# Need HELP!!! Onkyo HTS3300



## Blu (Sep 5, 2008)

Hey Guys,

Just picked this system up, 

-I can't get video from the HD cable box(rogers) va HDMI ? 
I run HDMI from the box to the AVR then HDMI out to the TV, i get sound put no video (TV is Pioneer Kuro PDP-5020FD)


-Why do some of my sound setting sound like i am in a tin can?
-some time i have no voices but sound


I will start with this i have more questions


----------



## eugovector (Sep 4, 2006)

Does the onkyo come with a setup mic and have you run the auto setup?


----------



## nova (Apr 30, 2006)

My first thought would be a handshake issue, try turning components on in a different order and see if that changes anything.
Second thought would be to hook up an HDMI cable from the cable box directly to the TV and see if that works.


----------



## Blu (Sep 5, 2008)

eugovector said:


> Does the onkyo come with a setup mic and have you run the auto setup?
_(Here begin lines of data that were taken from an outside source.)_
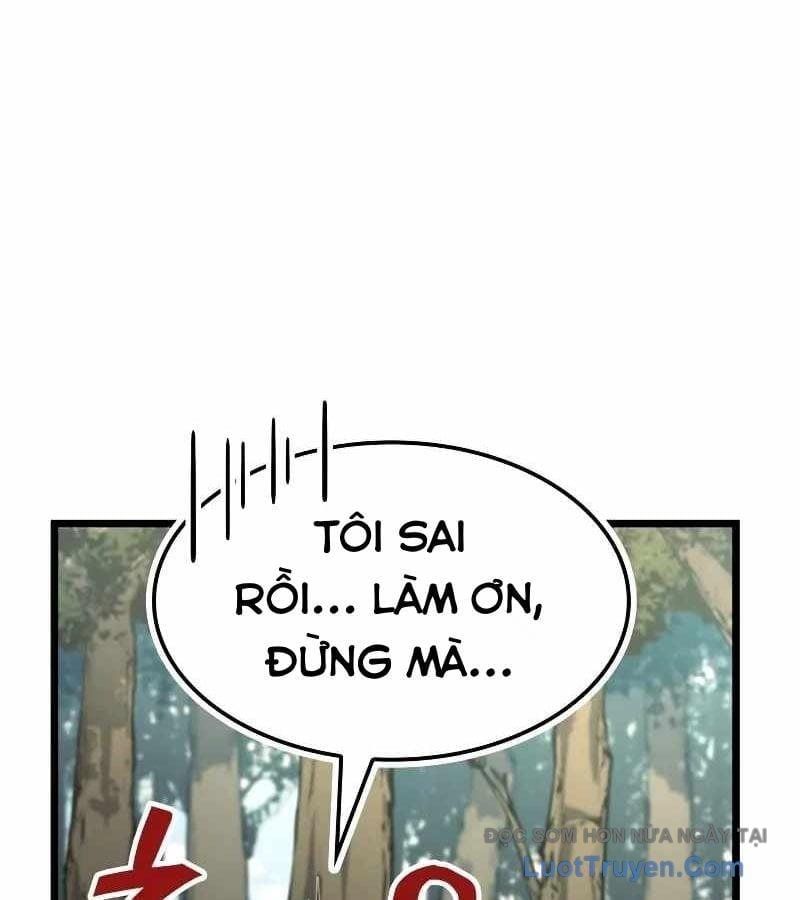 Trang 214 — Chương 38
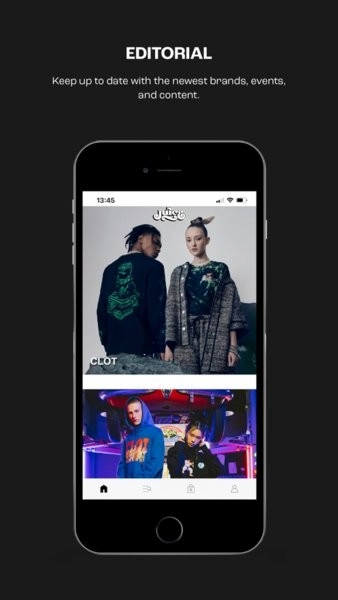 juicestore无广告版图2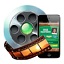 Aiseesoft iPod Movie Converter6.3.6.0 官方版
No i don't have a setup mic, i think i did do the auto set up...but will try again....


----------



## Blu (Sep 5, 2008)

nova said:


> My first thought would be a handshake issue, try turning components on in a different order and see if that changes anything.
> Second thought would be to hook up an HDMI cable from the cable box directly to the TV and see if that works.


I think its the cable box? my bluray plays movies in the same input with HDMI on the same setup.

Yes the cable box to TV works HDMI....


----------



## Blu (Sep 5, 2008)

Hey Guys,
Still nothing on the cable box to AV (hdmi) to TV i get sound but still no pic? amy ideas?


----------